NPR's Ruth Sherlock was there a few days ago. She's left Syria and joins us now on the line. Welcome back, Ruth.
RUTH SHERLOCK, BYLINE: Thank you.
CORNISH: So the WHO is sounding a warning about the conditions for these thousands of people - right? - who are streaming into this camp. Can you tell us what it was like there?
SHERLOCK: I mean, the conditions are just awful. You know, the U.S.-led offensive in Northeastern Syria against ISIS is ongoing. And there's many airstrikes going on, and this is causing so many people to flee. Camp officials told us that as many as 23,000 people have arrived at the camp in just the last eight weeks. So they're overwhelmed, and they just don't have the resources to cope.
Some of the people who arrive at these camps have been walking for days. They don't have the proper clothes. They arrived cold and often wet, soaked to the skin. You know, it was raining when we were there, and they were standing in these long lines, waiting for tents. But there aren't enough tents to go around, so some of these people have to then sleep outside, exposed to the elements. And that's what's causing some of these terrible deaths that the World Health Organization noted.
But there's also another tragic side to this, which is that people who do have heating are exposed to risks from those heaters.
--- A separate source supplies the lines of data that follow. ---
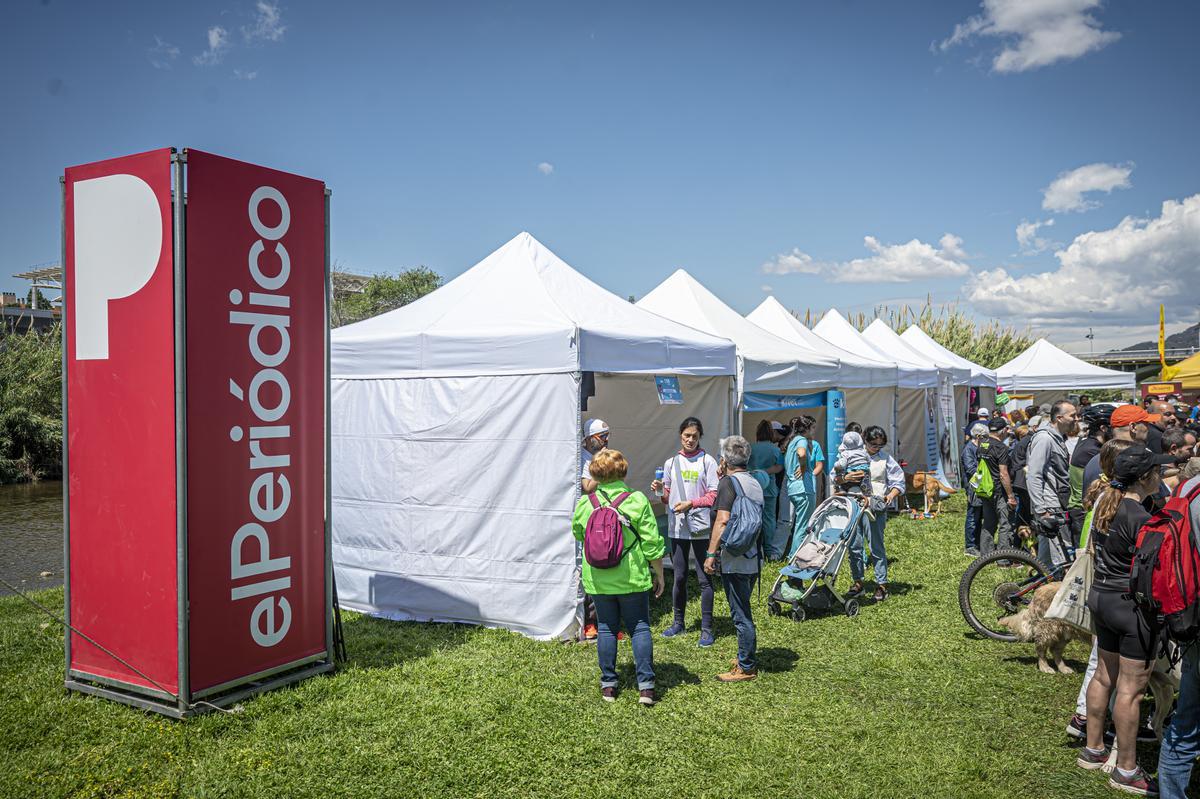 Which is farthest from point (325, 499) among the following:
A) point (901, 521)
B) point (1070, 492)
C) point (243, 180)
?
point (901, 521)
They're having to use these kerosene heaters that are very dangerous and can set tents alight. Last week, a 7-year-old girl died in a tent fire in al-Hol camp just a few days before we arrived there. And we've also heard about other similar cases where this has happened.
CORNISH: Right. This is just one camp. What's the overall displacement situation?
SHERLOCK: Well, as much as half of the country's population is displaced internally or outside of the country. That's some 11 million people. And although there's been a trickle of people returning from neighboring Lebanon to Syria, the vast majority still think it's too dangerous to go back either because of the war, which is ongoing, or because they face arrest by the Assad regime. Many are living in awful conditions similar to those that we saw in al-Hol camp.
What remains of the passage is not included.